Et puisque ici nous sommes en Extrême-Orient, ne quittons pas la Chine sans parler d’une des industries les plus parfaites de l’art chinois qui a été étudié avec une connaissance approfondie par M. Grandidier. Quand on regarde les vases anciens provenant de Chine aujourd’hui partout répandus, et où la fantaisie la plus originale semble seule s’être donné carrière, on ne soupçonne pas que chacune de ces scènes si vivantes et si bien rendues se rattache à une date précise de l’histoire avec ses coutumes et les rites particuliers de la religion autochtone. Qu’il s’agisse des origines au temps des Song ou des Youen (926 à 1368) où la céramique au décor sobre est encore dans l’enfance, et garde l’empreinte des doigts du potier des Ming (1368-1620), — l’époque classique par excellence, — de l’époque Khang-Hi (1662-1723), de l’époque Kien-Kong (1736-1796), l’art céramique chinois porte témoignage de tout le passé et raconte les usages les plus caractéristiques de cette civilisation qui remonte si loin.
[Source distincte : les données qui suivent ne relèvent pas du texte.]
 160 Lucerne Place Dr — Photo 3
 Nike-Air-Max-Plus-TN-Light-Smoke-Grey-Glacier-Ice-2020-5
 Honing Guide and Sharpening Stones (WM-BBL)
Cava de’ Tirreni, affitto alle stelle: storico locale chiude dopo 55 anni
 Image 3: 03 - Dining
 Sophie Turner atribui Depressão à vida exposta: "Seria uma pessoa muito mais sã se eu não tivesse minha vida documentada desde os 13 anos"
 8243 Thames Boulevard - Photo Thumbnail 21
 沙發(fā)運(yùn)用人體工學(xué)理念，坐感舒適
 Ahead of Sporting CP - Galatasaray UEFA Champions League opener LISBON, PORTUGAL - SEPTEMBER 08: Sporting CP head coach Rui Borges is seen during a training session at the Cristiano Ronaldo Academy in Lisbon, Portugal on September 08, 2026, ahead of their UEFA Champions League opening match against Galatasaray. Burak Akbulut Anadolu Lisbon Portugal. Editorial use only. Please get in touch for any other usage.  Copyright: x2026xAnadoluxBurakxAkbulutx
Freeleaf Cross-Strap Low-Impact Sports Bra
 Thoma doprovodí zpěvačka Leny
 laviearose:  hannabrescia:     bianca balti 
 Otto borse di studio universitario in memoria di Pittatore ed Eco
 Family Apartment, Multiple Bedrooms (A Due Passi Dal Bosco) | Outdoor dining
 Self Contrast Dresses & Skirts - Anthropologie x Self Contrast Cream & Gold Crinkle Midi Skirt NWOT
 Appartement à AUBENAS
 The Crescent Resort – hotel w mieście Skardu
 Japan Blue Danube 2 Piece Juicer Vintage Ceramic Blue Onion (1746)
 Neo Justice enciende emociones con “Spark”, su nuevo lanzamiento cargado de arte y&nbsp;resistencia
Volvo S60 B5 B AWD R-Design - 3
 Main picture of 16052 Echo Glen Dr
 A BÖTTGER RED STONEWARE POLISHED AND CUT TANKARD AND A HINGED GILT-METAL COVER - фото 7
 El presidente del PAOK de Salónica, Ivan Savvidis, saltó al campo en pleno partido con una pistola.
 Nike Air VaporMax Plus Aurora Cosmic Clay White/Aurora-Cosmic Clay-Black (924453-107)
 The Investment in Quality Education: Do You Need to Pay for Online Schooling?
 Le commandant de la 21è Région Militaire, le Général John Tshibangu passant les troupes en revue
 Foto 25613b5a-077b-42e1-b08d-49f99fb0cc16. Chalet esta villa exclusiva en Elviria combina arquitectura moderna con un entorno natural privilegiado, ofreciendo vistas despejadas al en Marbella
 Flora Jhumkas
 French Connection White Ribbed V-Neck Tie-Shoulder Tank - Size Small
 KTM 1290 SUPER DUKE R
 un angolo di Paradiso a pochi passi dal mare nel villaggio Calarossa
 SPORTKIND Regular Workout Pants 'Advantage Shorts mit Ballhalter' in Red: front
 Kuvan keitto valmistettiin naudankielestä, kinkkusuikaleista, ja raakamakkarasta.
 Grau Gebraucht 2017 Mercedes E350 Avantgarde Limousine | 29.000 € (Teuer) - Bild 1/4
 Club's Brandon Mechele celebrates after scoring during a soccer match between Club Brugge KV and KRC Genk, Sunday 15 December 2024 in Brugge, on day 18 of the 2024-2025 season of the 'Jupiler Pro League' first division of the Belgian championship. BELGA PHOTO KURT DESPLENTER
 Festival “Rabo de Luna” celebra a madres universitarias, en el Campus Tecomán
Quoi de plus intéressant que d’en suivre les développemens, avec les plus riches modèles sous les yeux, dans le splendide volume sur la céramique chinoise[1] que vient de publier la maison Didot ? On ne peut rien voir de plus soigné comme exécution et comme reproduction donnant l’impression même de l’objet que les héliogravures par M. Dujardin des cent quatre-vingts pièces de la célèbre collection de M. Ernest Grandidier, l’auteur de ce travail, fruit d’une expérience consommée et de nombreuses recherches. Sans doute on savait que la porcelaine est originaire de la Chine, et que les potiers du Céleste Empire avaient été pendant des siècles les artistes les plus habiles pour lesquels l’art décoratif n’avait pas de secret ; mais on n’avait

  1. La Céramique chinoise, par E. Grandidier. 1 vol. gr. in-8o, illustré de 42 héliogravures par M. Dujardin.